I'd love to know the reason why they need to know why my device is plugged in or not, how much space is free on it and what connection method I'm using to connect to the internet. Seems a little much but still nothing surprising and unexpected from ad requests. The standard tracking-cookie for my device is even included in the hdid variable (I assume) but no GPS information was transmitted (even though GPS was enabled for apps on my tablet).

Google AdMob
Pretty standard AdMob (old doubleclick.net) requests really. Nothing unexpected here, they even try to minimise the amount of characters traveling over the network. How nice of them! Still they sent two requests every second. Below is an example of their querystring:

preqs:0
session_id:6944941379333807684
u_sd:2
seq_num:1
u_w:800
msid:com.onelouder.baconreader
js:afma-sdk-a-v6.2.1
mv:8016014.com.android.vending
isu:94888091071502DC8F18CE0A08CBFA79
cipa:1
bas_off:0
format:320x50_mb
oar:0
net:wi
app_name:38.android.com.onelouder.baconreader
hl:en
gnt:0
u_h:1232
carrier:
bas_on:0
ptime:0
u_audio:1
u_so:p
output:html
region:mobile_app
u_tz:60
client_sdk:1
ex:1
slotname:a14eb80d44ba957
caps:inlineVideo_interactiveVideo_mraid1_th_autoplay_mediation_sdkAdmobApiForAds_di
jsv:46
This by far was the worst offender. AdMarvel was a small mobile ad startup that was recently (in 2010) bought by Opera Software. The device performed 4 requests every second (where two requests were identical except for one querystring variable had changed, that is retrynum had been incremented from 0 to 1).

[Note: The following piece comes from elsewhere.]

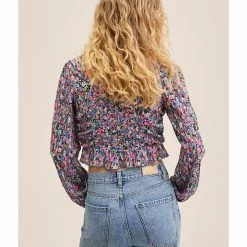 Mango Printed Ruched T-Shirt 8 Mango Printed Ruched T-Shirt -Mango popular store mango 7804 4677116 2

Below is an example of one of their query string:

site_id:23206
partner_id:7b862efbe6c75952
timeout:5000
version:1.5
language:java
format:android
sdk_version:2.3.7.1
sdk_version_date:2013-02-04
sdk_supported:_admob_millennial_amazon
device_model:Nexus 10
device_name:JDQ39
device_systemversion:4.2.2
retrynum:0
excluded_banners:
device_orientation:portrait
device_connectivity:wifi
resolution_width:1600
max_image_width:1600
resolution_height:2464
max_image_height:2464
device_density:2.0
device_os:Android
adtype:banner
device_details:brand:google,model:Nexus 10,width:1600,height:2464,os:4.2.2,ua:Mozilla/5.0 (Linux; U; Android 4.2.2; en-gb; Nexus 10 Build/JDQ39) AppleWebKit/525.10+ (KHTML, like Gecko) Version/3.0.4 Mobile Safari/523.12.2
hardware_accelerated:true
target_params:UNIQUE_ID=>f780070d9537897a||GEOLOCATION=>59.4954954894955%2C-0.99682319125740403||bucket=>4||subreditname=>Front+Page||RTBID=>FBATTRID%3Ae939e527-35db-4e98-8d73-e05fead999b1||APP_VERSION=>2.8.1||RESPONSE_TYPE=>xml_with_xhtml||BNG=>0

What I find worrying here is (besides the size of the request) their final target_params variable which not only includes the ID for my device and exactly what part of the application I am viewing but also a pretty accurate GPS location (disabling GPS access for all apps got rid of that) and what looks to be Facebook related FBATTRID tag to serve ads from Facebook's MoPub Marketplace.

Talk about being tracked between devices.

Conclusion

All of this activity was happening multiple times a second for all three advertising services on my device. So six times a second my device was communicating tracking information and requesting advertisements back.

One of the most battery draining activities is transmitting data through the air on a mobile device. Based on these three services it seems like the industry standard is to query twice every second which to me feels overly aggressive and costly on my battery charge.

So what are we really getting for free? How much money are we spending on electricity to power our devices that is then used directly to serve us advertisements?

Perhaps I should just buy the thing, probably cheaper in the long run!